#### PROBLEM DETAILS:
Output the whole listing exactly, with no pictures.

#### DATASET CONTENT:
★ ★ ★ ★
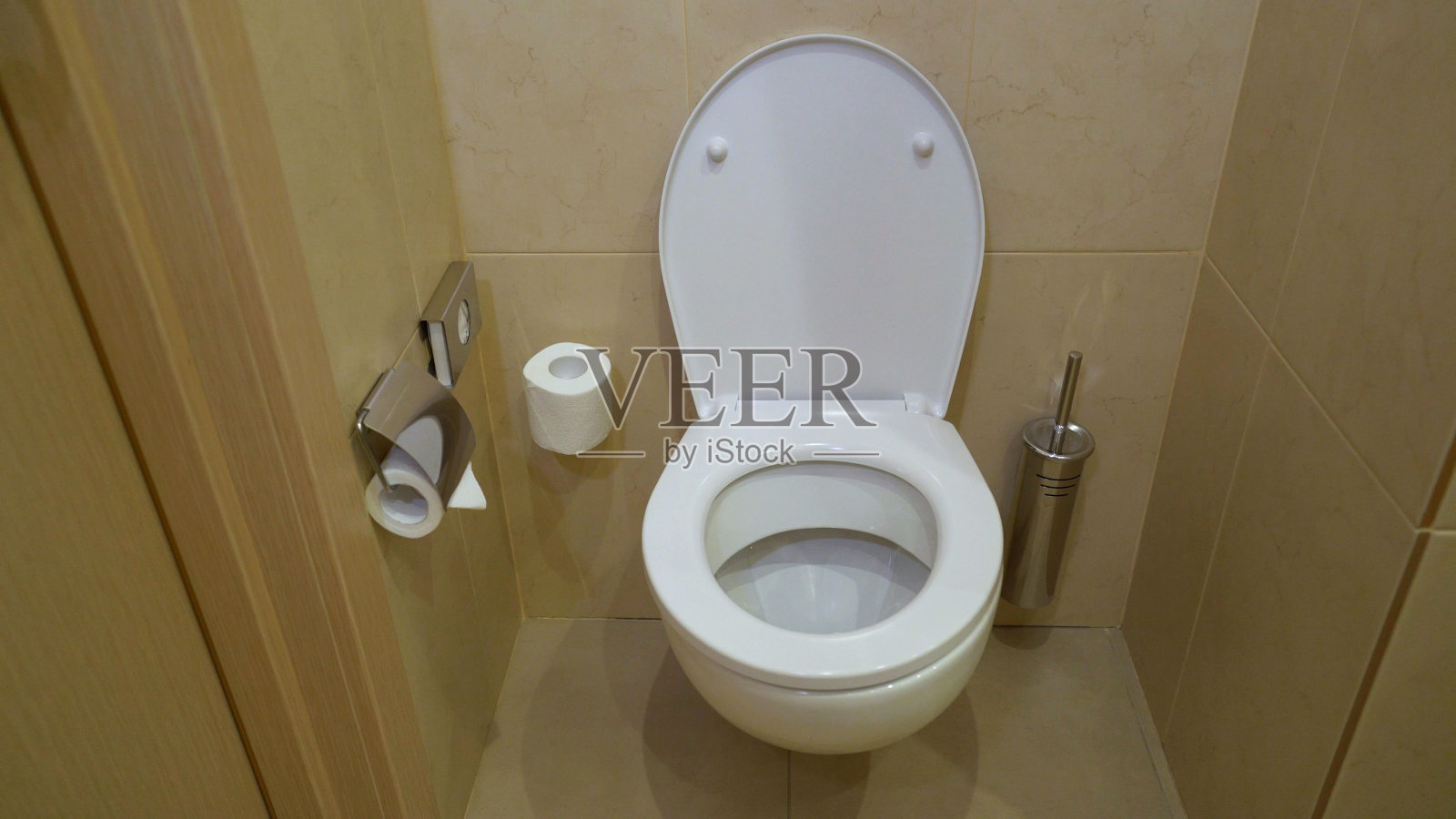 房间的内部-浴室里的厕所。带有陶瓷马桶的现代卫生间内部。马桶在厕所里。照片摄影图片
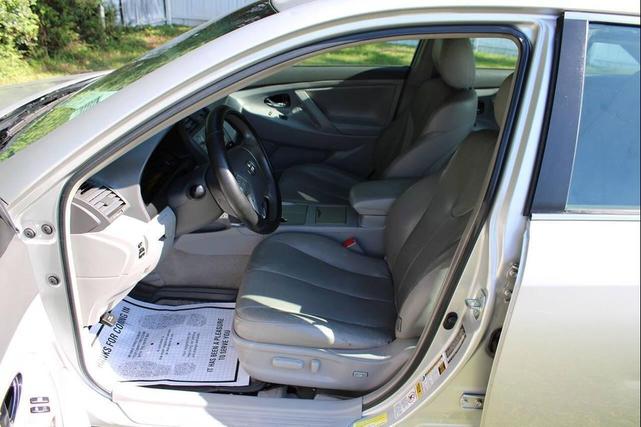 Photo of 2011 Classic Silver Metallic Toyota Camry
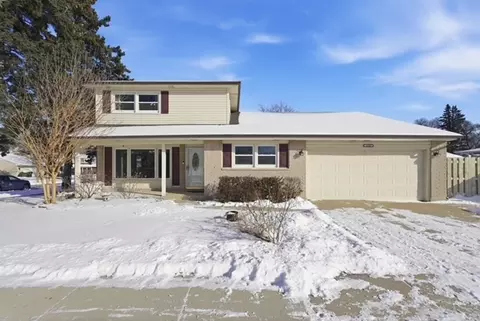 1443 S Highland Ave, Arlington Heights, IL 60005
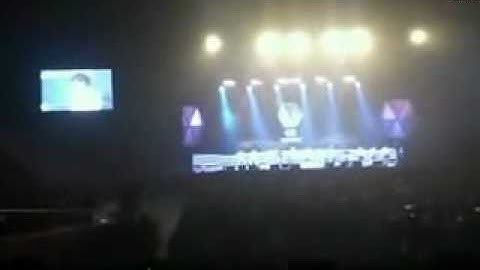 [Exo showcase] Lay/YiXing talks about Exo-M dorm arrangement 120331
★ ★ ★ ★
#### RESPONSE FOR THIS EXERCISE:
 房间的内部-浴室里的厕所。带有陶瓷马桶的现代卫生间内部。马桶在厕所里。照片摄影图片
 Photo of 2011 Classic Silver Metallic Toyota Camry
 1443 S Highland Ave, Arlington Heights, IL 60005
 [Exo showcase] Lay/YiXing talks about Exo-M dorm arrangement 120331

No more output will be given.